Let it never be said that Fringe doesn’t take risks. Sometimes those risks pay off handsomely, like season 3’s dual-universe conceit. Sometimes those risks have mixed results, like season 4’s alternate timeline. And sometimes, those risks fall flat on their face, like season 5’s dystopian, Observer-controlled future.

Last season, I wrote a scathing review of “Letters of Transit.” I stand by the sentiment of that review. Dystopian setting or not, “Letters of Transit” was an awful episode of Fringe. I can’t say the same for the season 5 premiere, the ridiculously-named “Transilience Thought Unifier Model-11.” TTUM11, though predictably full of plot holes, wasn’t entirely tone deaf. At worst, it was just insipid and kind of boring, which is to be expected for a premiere that has to set the stage for an entirely new storyline.

But I’m not here to review TTUM11. I’m here to give my thoughts on what the season 5 premiere means for the show, both going forward and looking back. After a little soul-searching, I’ve come to a conclusion: Fringe isn’t for me anymore.

People talk a lot about the value of “character-based” dramas, which always struck me as odd, because how can one have a drama without characters?
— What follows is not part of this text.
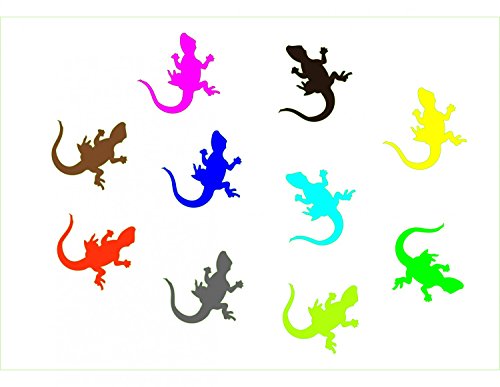 Miniblings 10x Bügelbilder Aufnäher Patch 25mm Flock Gecko Geckos Eidechse Patch Bügelbild I Kinder Bügelflicken Patches zum Aufbügeln - Flockfolie - Applikation Nähen, Farbe:bunt gemischt von Miniblings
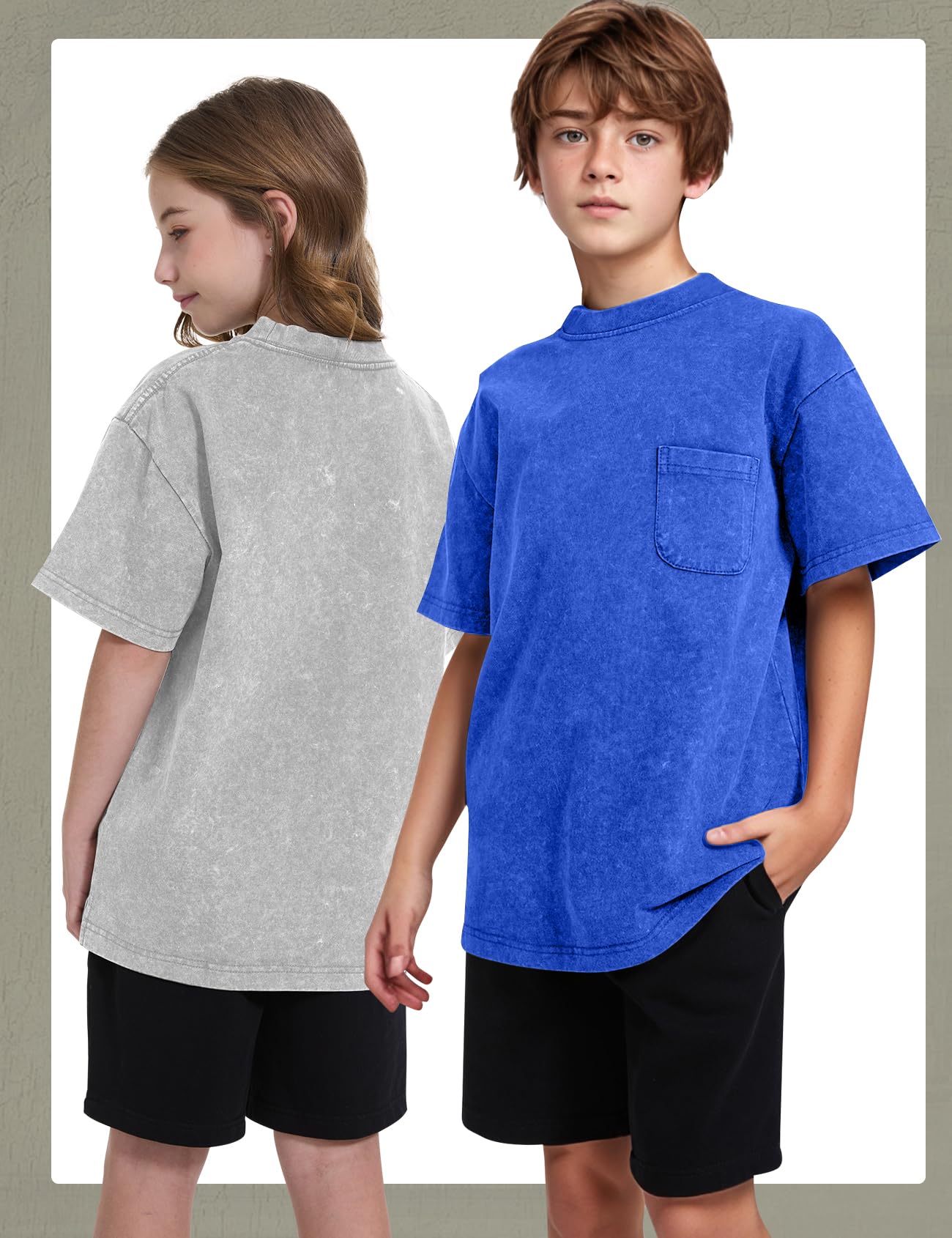 COZYPOIN Paquete de 3 camisetas unisex para niños y niñas, de manga corta, cuello redondo, lavadas al ácido, camisetas de verano de 5 a 14 años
In practice, “character-based” has become a way to distinguish run-of-the-mill procedurals from other dramas, the former of which are often regarded as not doing strong character work. Many procedurals actually do offer some great character material, but the key thing is that viewers, creators, and critics put a lot of emphasis on characters. This is great, because I like interesting, well-drawn characters. Unfortunately, that emphasis often comes at the expense of caring about things like plot and setting.
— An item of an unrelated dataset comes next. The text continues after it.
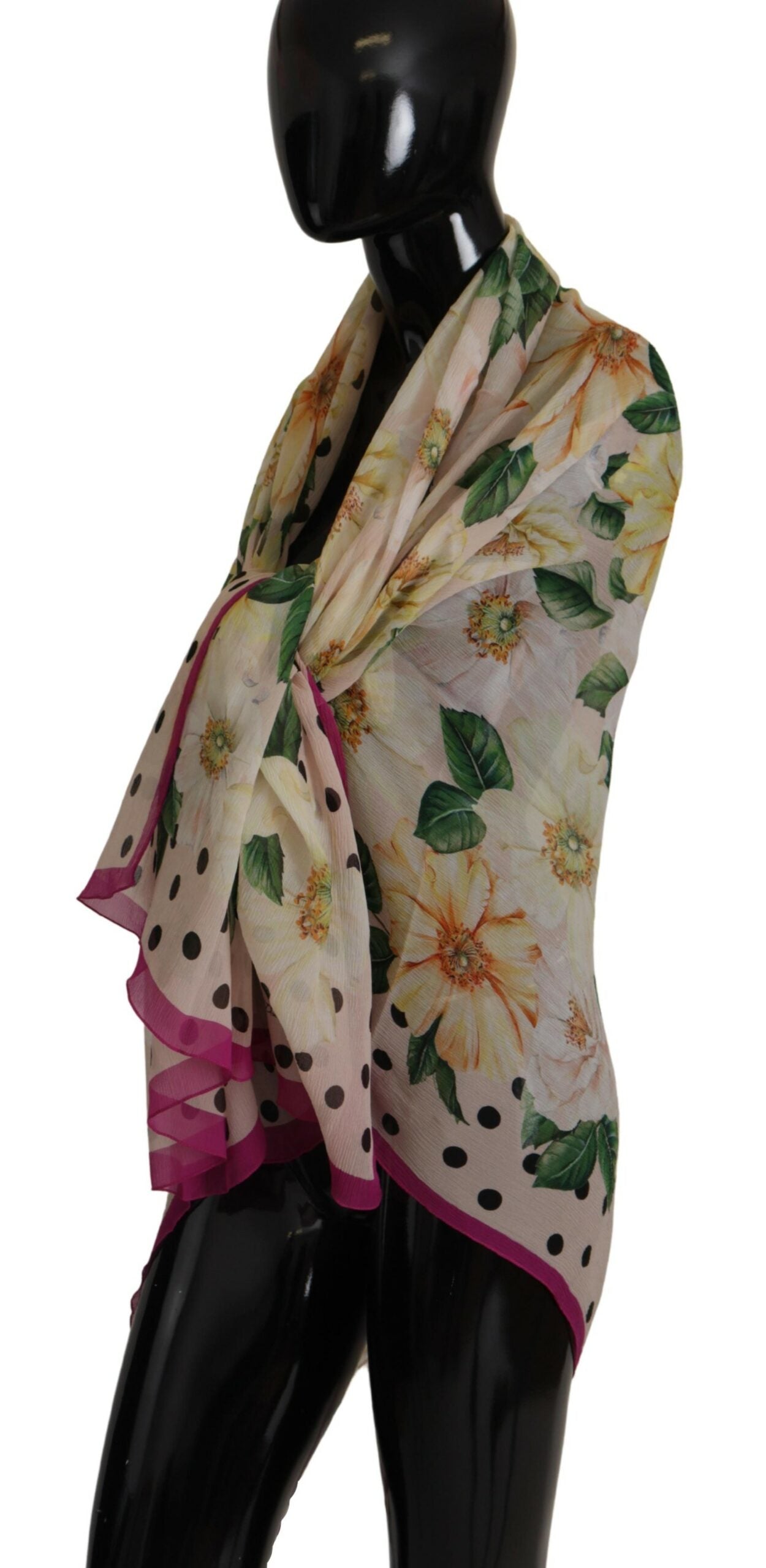 Dolce & Gabbana Elegant Floral Silk Shawl Wrap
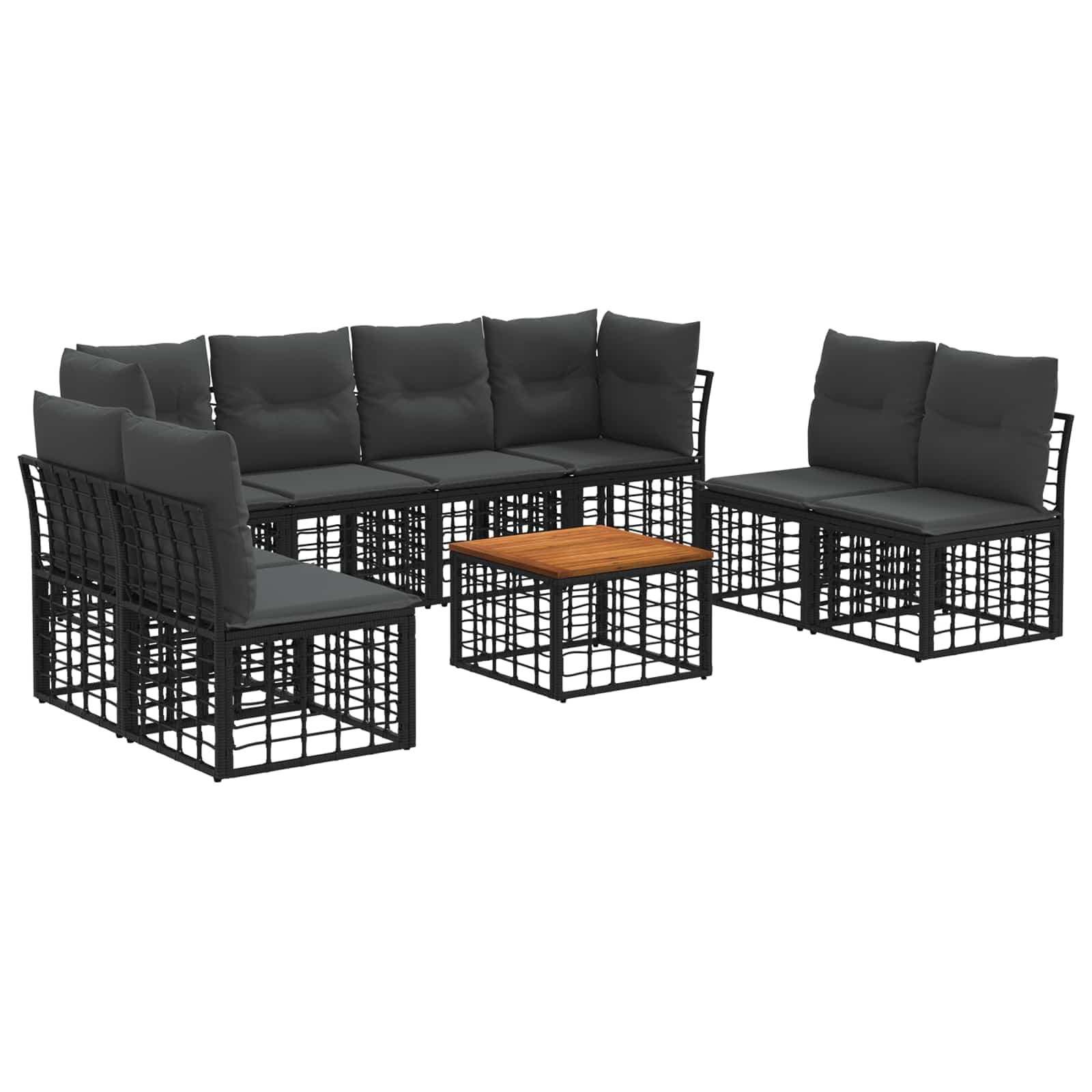 vidaXL Conjunto de Sofás para Exterior 9 pcs Preto e Cinza Escuro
Fringe is a prime example. The characters that we’ve come to know after the past five seasons – Peter, Olivia, Walter, and Astrid – are still around, even 24 years into the future. But in jumping to the year 2036, the old stories and settings have been left behind, exchanged for new ones. The new story: a clichéd tale of a resistance movement rising up against their oppressors. The new setting: a bog-standard dystopian future that has nothing to say about our society. It exists merely as a set of obstacles for our heroes to overcome. Why these particular obstacles over any others?

Even if this future sparked some flicker of interest in me, I’d still be reluctant to become invested in it for two reasons. Firstly, it bears almost no relation to the 86 other non-“Letters of Transit” episodes of the show. It’s as if the first four seasons have been forgotten entirely. Say what you will about season 4, but at least the season’s narrative took its cues from past events, even as it subtly rewrote them. Secondly, Fringe has shown its willingness to futz around with time travel and erase both past and future events. There’s no sense in investing in a future that could be rewritten or forgotten five episodes from now.
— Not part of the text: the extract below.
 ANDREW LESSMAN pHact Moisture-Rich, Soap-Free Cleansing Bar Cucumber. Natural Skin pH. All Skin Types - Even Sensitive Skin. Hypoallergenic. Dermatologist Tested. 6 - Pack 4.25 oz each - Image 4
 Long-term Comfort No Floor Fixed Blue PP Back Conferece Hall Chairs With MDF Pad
The bottom line is this: I can excuse plot holes and contrivances, of which Fringe has had many over the years. What I can’t excuse are poorly-framed stories in which I have no investment. Fringe continues to have amazing performances – seriously, just hand John Noble a freakin’ Emmy already! – and stellar camera work. However, the stories it wants to tell now are stories in which I’m not interested. Thus, I approach the final 12 episodes of this series without much confidence, hanging on because I’ve come this far and might as well see things through to the end.

As I’ve stopped doing weekly episode reviews, I won’t be reviewing Fringe on a weekly basis anymore. But I might give my thoughts at a couple more points throughout the season, especially if my opinion changes substantially. And for a show as unpredictable as Fringe, that’s entirely within the realm of possibility.